Otero dice que la danza ha estado presente en su vida desde que era niña. “Como mi madre bailaba, me llevaba a ver clases de danza. En la escuela, en las reuniones familiares, siempre estaba coreografiando a mis primas, a mis amigas…”. En un primer momento pensó en ser antropóloga y comenzó esa carrera, pero la abandonó. Después cursó en la Universidad Nacional de las Artes (UNA), pero tampoco concluyó los estudios. Comenzó entonces a formarse con distintos maestros y maestras y de forma autodidacta.

El salto de la interpretación a la dirección lo dio en 2012. Argentina entraba en un periodo de estancamiento económico que derivaría en una nueva crisis, y nadie llamaba a Otero para bailar. Decidió armar “algo sola, por necesidad”. Andrea fue el germen de un proceso artístico que tiene a su cuerpo y su vida como objetos de investigación; un trabajo en construcción permanente donde realidad y ficción se funden en un abrazo que los hace indistinguibles. De esa idea nació Recordar 30 años para vivir 65 minutos (2015), en la que su cuerpo en movimiento dialogaba con vídeos caseros, fotos, canciones, relatos vividos y otros ficcionalizados. Un vídeo musicalizado con la canción Nada es para siempre, de Fabiana Cantilo, cerraba esa obra.

Ese primer proyecto biodramático dio a Otero una voz propia como directora. Su consagración nacional llegó con 200 golpes de jamón serrano (2018), protagonizada por el actor televisivo Gustavo Garzón. “Me di cuenta de que yo era un hombre sin cuerpo. Pura mente. Pura palabra. Un actor sin cuerpo. Y me dije: ‘Quiero hacer algo desde el cuerpo’. Quiero bailar, quiero cantar y quiero decir lo que se me cante el ojete. Quiero hacer una obra que surja de esta necesidad, de este desgarro emocional que siento. Donde no me importe la plata ni el cartel”, dijo Garzón tras ponerse en las manos de Otero. Ella guio a Garzón para reapropiarse de su cuerpo; en Fuck Me guía a los bailarines para que se expresen en su lugar. Exhiben la potencia de su danza, la desnudez de sus cuerpos, la fragilidad por el paso del tiempo y la vulnerabilidad que implica someterse.

“Siempre lo sentí y lo vi al revés, con mi propio cuerpo y el cuerpo de todas las mujeres. Lamentablemente fuimos, somos y seremos cosificadas; se opina y se opinará sobre nuestros cuerpos. Los hombres están más despojados de eso y me produce placer esa venganza, que se haga justicia por una hora, dar la posibilidad de imaginar que sea al revés”, opina la directora sobre el impacto que genera ver a cinco hombres bailar desnudos sobre el escenario.

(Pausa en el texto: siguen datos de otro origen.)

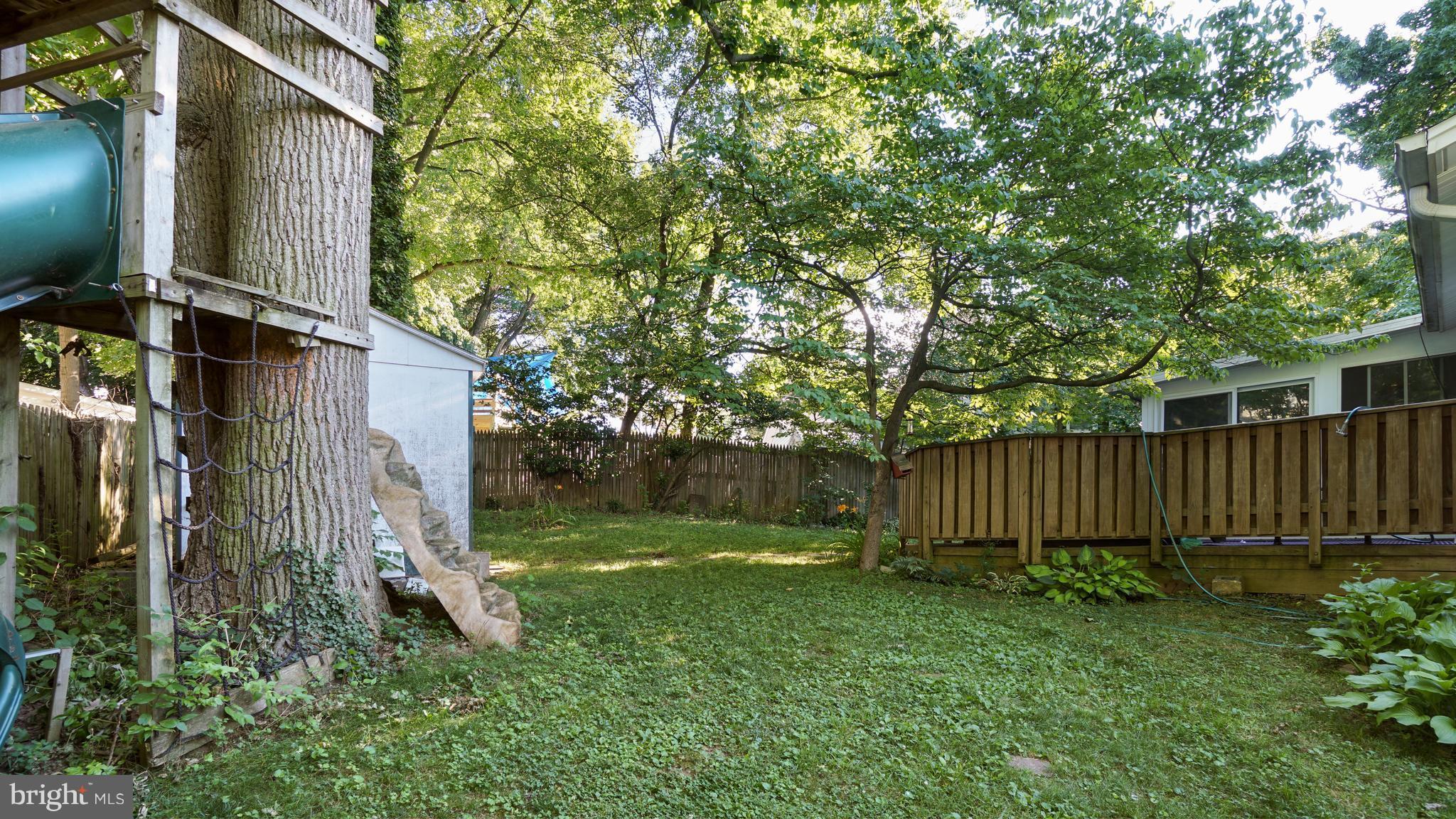 12721 Barbara Road Silver Spring, MD 20906 - Photo 28 of 30 a view of backyard with potted plants and large tree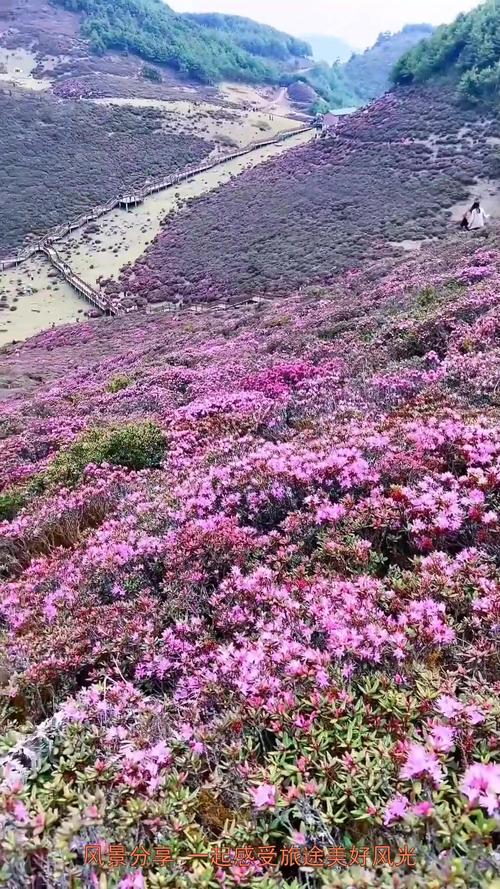 马鹿塘的杜鹃花海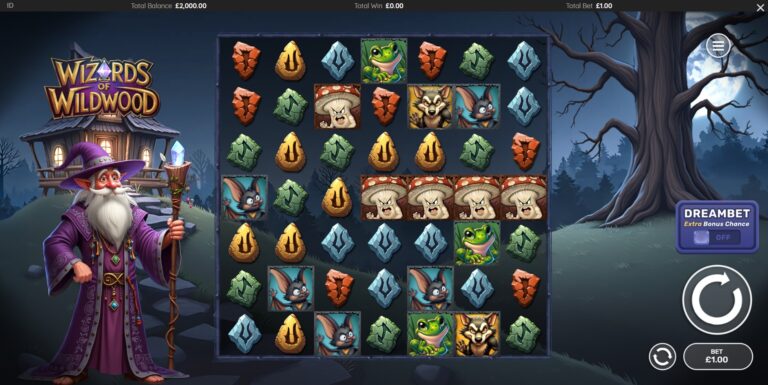 Wizards of Wild Wood gameplay
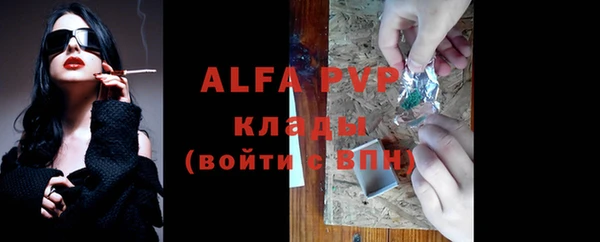 хмурый Абаза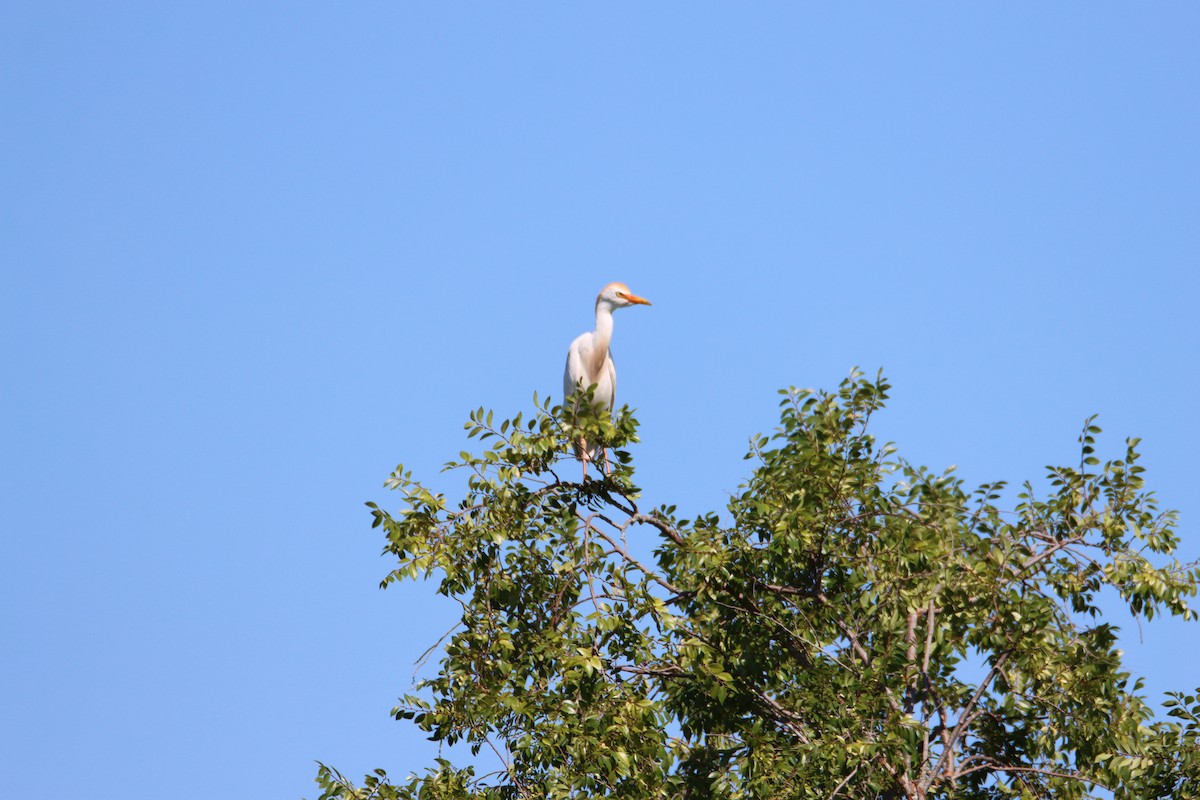 Western Cattle Egret - ML620188348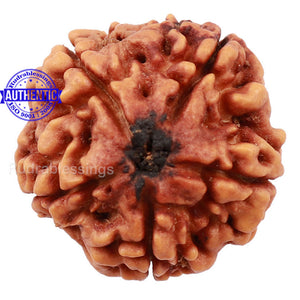 5 Mukhi Rudraksha from Nepal - Bead No. 144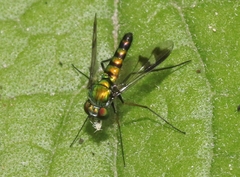 Condylostylus quadricolor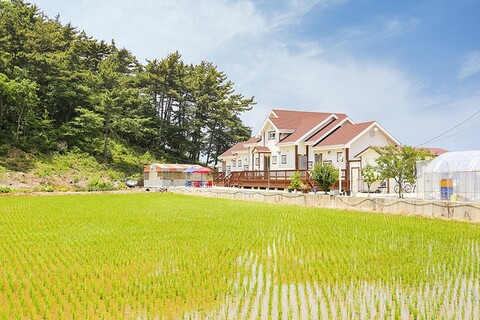 태안(안면도) 뜰안작은성펜션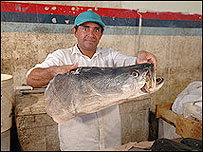 Peste gigantic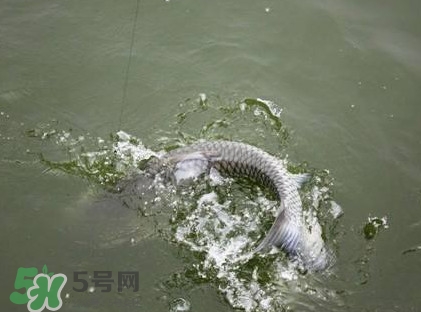 釣青魚怎么調(diào)漂圖解？釣青魚最佳調(diào)漂是幾目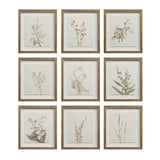 Cadre Floral Crema - Renwil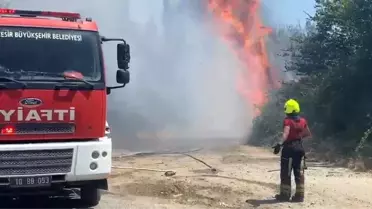 Balıkesir'de Yangın Tarım Arazilerine Zarar Verdi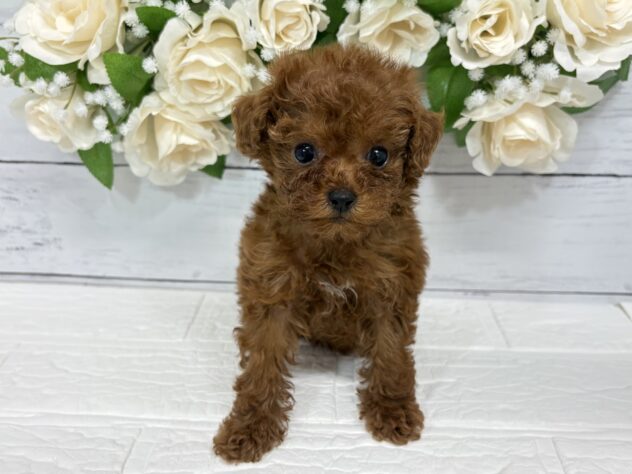 宮城県のトイプードル(トイ) (アミーゴ仙台富沢店/2026年2月21日生まれ/女の子/レッド)の子犬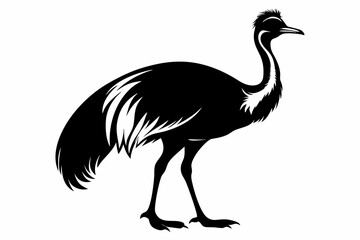 cassowary silhouette line art vector illustration with a white background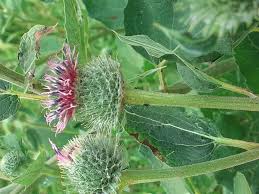 Attēlu rezultāti vaicājumam “Arctium tomentosum”
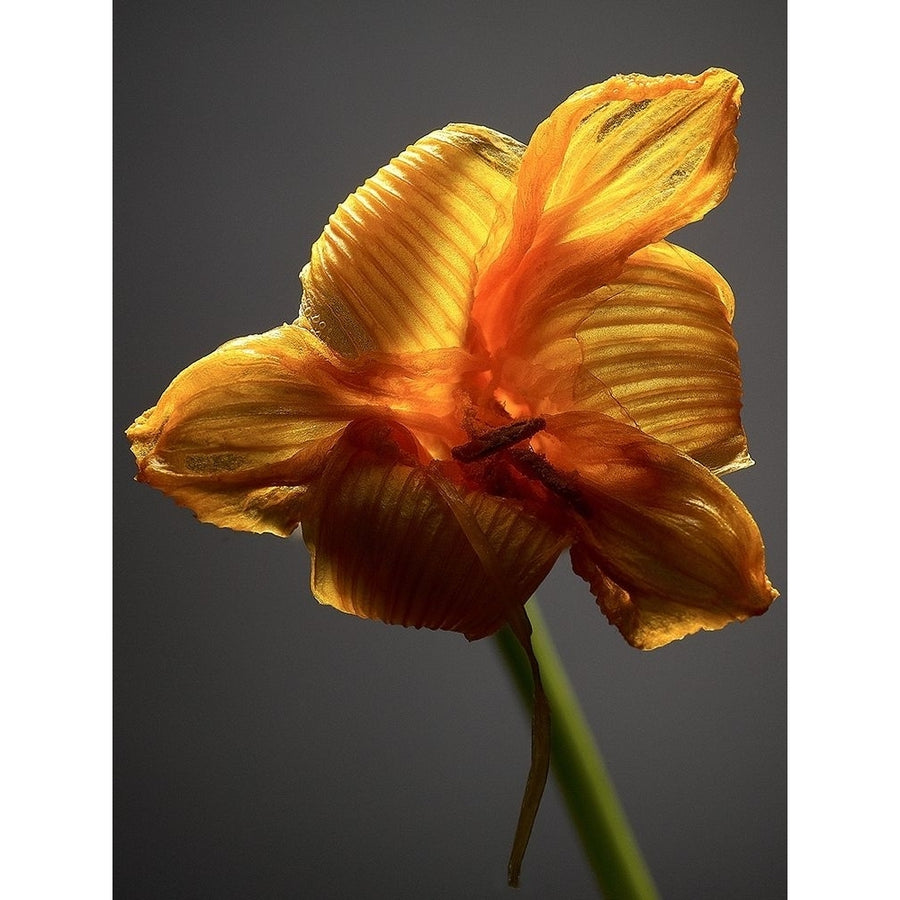 Studio Flowers XI Poster Print - James McLoughlin-VARPDX123875GG Image 1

Su última obra, Love Me (2022) —programada esta noche en el Festival de Otoño—, es una continuación de Fuck Me. “Primero cogeme [fóllame], después hablemos de amor. El sexo es cuerpo. El amor no es tanto cuerpo como tiempo. O quizás el amor sea un cuerpo sosteniendo el tiempo cuando la novedad queda a un lado. El permanecer, la paciencia”. La obra, creada con el director Martín Flores Cárdenas, habla de amor, pero también de violencia, y es a su vez una despedida del lugar donde nació y creció. Desde marzo, Otero vive en Madrid, la ciudad que le resulta más parecida a Buenos Aires.

Cárdenas la describe como una intérprete y coreógrafa apasionada. Una máquina sensible. Rota. Fallada. “Su creatividad brota de esos cortes, de esas heridas”, asegura. El mismo estallido que la destruye, a su vez la inspira y la libera.